*** Begin section ***

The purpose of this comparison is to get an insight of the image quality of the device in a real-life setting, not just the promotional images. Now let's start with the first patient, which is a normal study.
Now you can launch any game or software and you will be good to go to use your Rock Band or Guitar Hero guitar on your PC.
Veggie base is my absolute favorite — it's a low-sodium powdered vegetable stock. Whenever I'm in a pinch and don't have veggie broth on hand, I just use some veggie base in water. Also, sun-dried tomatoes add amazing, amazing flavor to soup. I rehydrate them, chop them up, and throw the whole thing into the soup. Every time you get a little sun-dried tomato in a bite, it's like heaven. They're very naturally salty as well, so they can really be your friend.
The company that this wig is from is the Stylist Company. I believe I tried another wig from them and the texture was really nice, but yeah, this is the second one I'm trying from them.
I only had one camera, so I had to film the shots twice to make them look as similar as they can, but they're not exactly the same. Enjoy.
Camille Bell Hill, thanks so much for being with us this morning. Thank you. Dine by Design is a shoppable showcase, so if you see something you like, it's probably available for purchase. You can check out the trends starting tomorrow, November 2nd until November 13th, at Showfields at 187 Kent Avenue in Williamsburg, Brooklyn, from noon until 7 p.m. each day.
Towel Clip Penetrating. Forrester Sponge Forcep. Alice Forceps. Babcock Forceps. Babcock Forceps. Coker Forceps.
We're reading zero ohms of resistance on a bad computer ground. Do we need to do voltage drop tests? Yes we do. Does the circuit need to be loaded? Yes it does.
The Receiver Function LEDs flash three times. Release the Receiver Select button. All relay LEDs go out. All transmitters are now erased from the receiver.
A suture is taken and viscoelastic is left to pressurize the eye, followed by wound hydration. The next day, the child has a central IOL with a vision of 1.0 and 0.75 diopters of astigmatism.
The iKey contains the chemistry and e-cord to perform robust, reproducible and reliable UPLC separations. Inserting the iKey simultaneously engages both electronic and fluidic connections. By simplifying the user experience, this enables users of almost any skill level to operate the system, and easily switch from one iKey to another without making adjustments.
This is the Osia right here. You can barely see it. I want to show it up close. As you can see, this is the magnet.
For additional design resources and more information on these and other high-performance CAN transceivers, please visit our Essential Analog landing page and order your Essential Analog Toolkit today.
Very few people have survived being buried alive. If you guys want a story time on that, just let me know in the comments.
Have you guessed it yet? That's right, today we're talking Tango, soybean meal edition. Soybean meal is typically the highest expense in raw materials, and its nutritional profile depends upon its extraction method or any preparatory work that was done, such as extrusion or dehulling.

*** End section ***

▸ INSTRUCTIONS TO FOLLOW: In the entries above, take the line containing "Very few people" and each later line through the last, and repeat them exactly. Output nothing else.

▸ FINISHED EXERCISE:
Very few people have survived being buried alive. If you guys want a story time on that, just let me know in the comments.
Have you guessed it yet? That's right, today we're talking Tango, soybean meal edition. Soybean meal is typically the highest expense in raw materials, and its nutritional profile depends upon its extraction method or any preparatory work that was done, such as extrusion or dehulling.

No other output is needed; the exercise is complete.